Though not speaking, Melissa, Kegg, and the two others, by carefully studying their thigh-pocket charts, had estimated that they were less than two miles from the H-block, whose vague outline had shown up on SATPIX, and that the tank they had heard must have stopped, for even given the sound-suppressing quality of snow, the nails-on-chalkboard-like screech of steel treads on steel wheels should have been audible.
Then Melissa heard movement, slight yet distinct, about twenty feet off at two o’clock. Was it a bird, like the one who’d spooked that guy in the reeds who in turn had triggered the anti-personnel mine? Or was it someone moving? And if so, friend or foe? Kegg heard it too, and froze, ready with his M4 5.6 mm carbine. This shortened M16, with grenade launcher attached, was more easily handled in the reeds than an M-10, and Melissa saw the tip of his trigger finger ready to either unleash a 40 mm grenade or fire a flush-out burst of 5.56 mm rounds. But the same questions dogged him: Was it a man or an animal? A mistake could cost you your life or the haunting-till-you-die agony of having initiated a blue-on-blue. Melissa wanted to raise her sniper’s rifle for a quick look through the scope, but that’d be like waving a flag, besides which even the slightest movement would cause the reeds to move.
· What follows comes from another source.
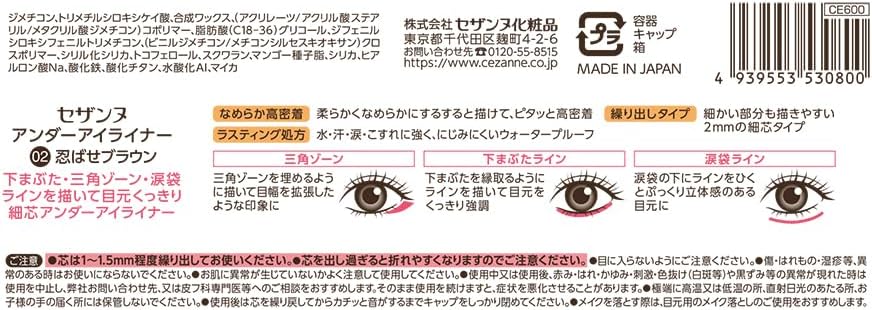 Подводка для глаз Cézanne Under Eyeliner 02 Shinbase Brown 0,1 г. Тонкая основа под подводку для глаз, чтобы четко подчеркнуть глаза., фото 2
She heard a hissed, “Ga ja!” Kegg saw reeds shivering, and fired, not a profligate hosing of ammo but a marine-style burst, into the middle of the rustle. Melissa fired from the hip, seeing green-white reeds exploding in burnt-brown fragments as her heavy 7.62 mm round tore its path through the vegetation in a nanosecond. For her, however, time morphed into that strange slow motion that danger decrees, when time for those involved irrationally stands still.